Par dérogation aux procédures habituelles, la modification proposée par l'assureur en vue de mettre en conformité un contrat de prévoyance individuel ou collectif aux nouvelles conditions de « responsabilités » se fera selon une procédure spécifique.

La modification du contrat d'assurance est réputée acceptée à défaut d'opposition du souscripteur : l'assureur doit communiquer par écrit au souscripteur les nouvelles garanties et les conséquences juridiques, sociales et fiscales qui résultent de l'acceptation ou non des changements.

Le souscripteur dispose d'un délai de 30 jours pour refuser par écrit la proposition de modification.

Lorsque la modification est acceptée, elle entre en application au plus tôt un mois après l'expiration du délai de 30 jours précité, et dans un délai compatible avec les obligations légales et conventionnelles d'information des adhérents ou affiliés par le souscripteur (art. 54, VIII ; c. ass. art. L. 112-3 modifié).

Une nouvelle forme de congé parental mieux indemnisée

Conditions exigées

2-34

Pendant la période qui suit l'expiration de son congé de maternité ou de son congé d'adoption, le salarié peut prendre un congé parental pour élever son ou ses enfants (c. trav. art. L. 122-28-1 ; voir RF 939, §§ 1801 à 1818). Ce congé a une durée initiale d'un an, renouvelable deux fois et prend fin lorsque l'enfant atteint son troisième anniversaire. Une prestation nommée complément du libre choix d'activité, dont la durée de versement varie selon le nombre d'enfants à charge (6 mois pour un enfant à 3 ans maximum pour deux enfants et plus) est allouée, sans condition de ressources, par la caisse d'allocations familiales.

Une nouvelle option est désormais offerte au parent ayant à sa charge un nombre d'enfants déterminé par décret.

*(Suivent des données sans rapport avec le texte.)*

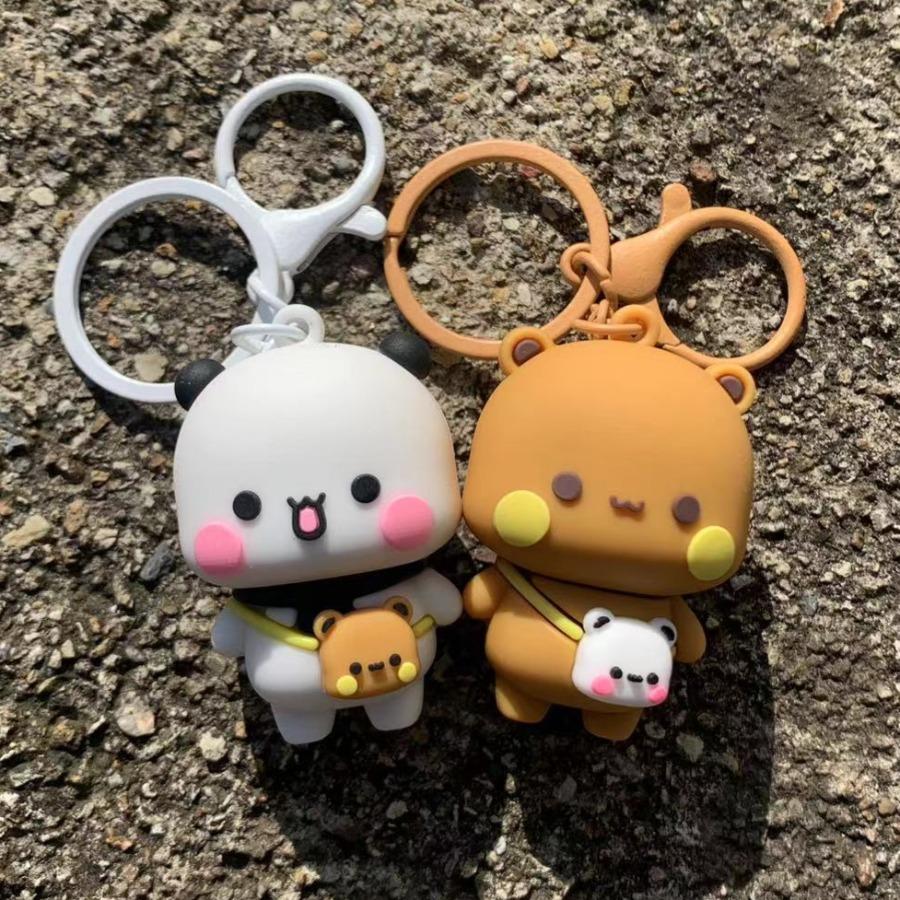 Yier Panda KeyChain Kawaii Bubu Dudu Doll Anime Figure Toy Backpack Hanging Ornaments Cute Pendant Mobile Phone Chain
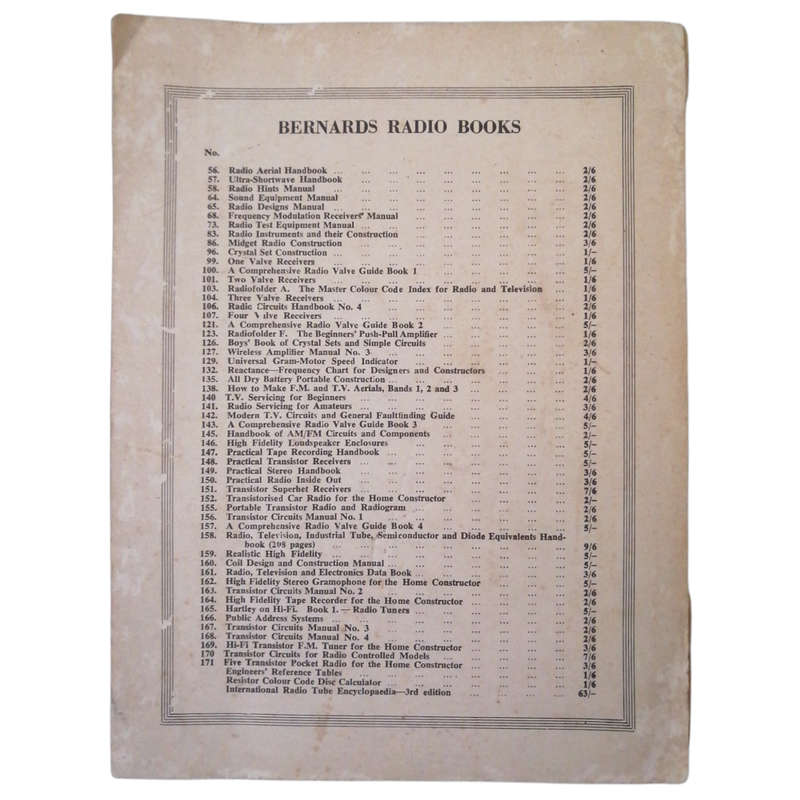 Transistor Circuits For Radio Controlled Models by Howard Boys 1961 Softcover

Ce dernier peut prendre un congé parental plus court mais mieux indemnisé (art. 86-I ; c. séc. soc. L. 531-4 modifié) : sous réserve de ne pas exercer d'activité professionnelle pendant la durée du congé, le complément du libre choix d'activité serait majoré.

Le nombre d'enfants à charge permettant l'exercice de cette option serait fixé à trois, la durée écourtée du congé parental à un an et le montant du complément du libre choix d'activité, fixé à 521,85 € en 2006, s'élèverait à 750 €. Un décret à paraître devrait confirmer ces chiffres.

La période de droit ouverte par l'option peut être partagée entre les deux parents.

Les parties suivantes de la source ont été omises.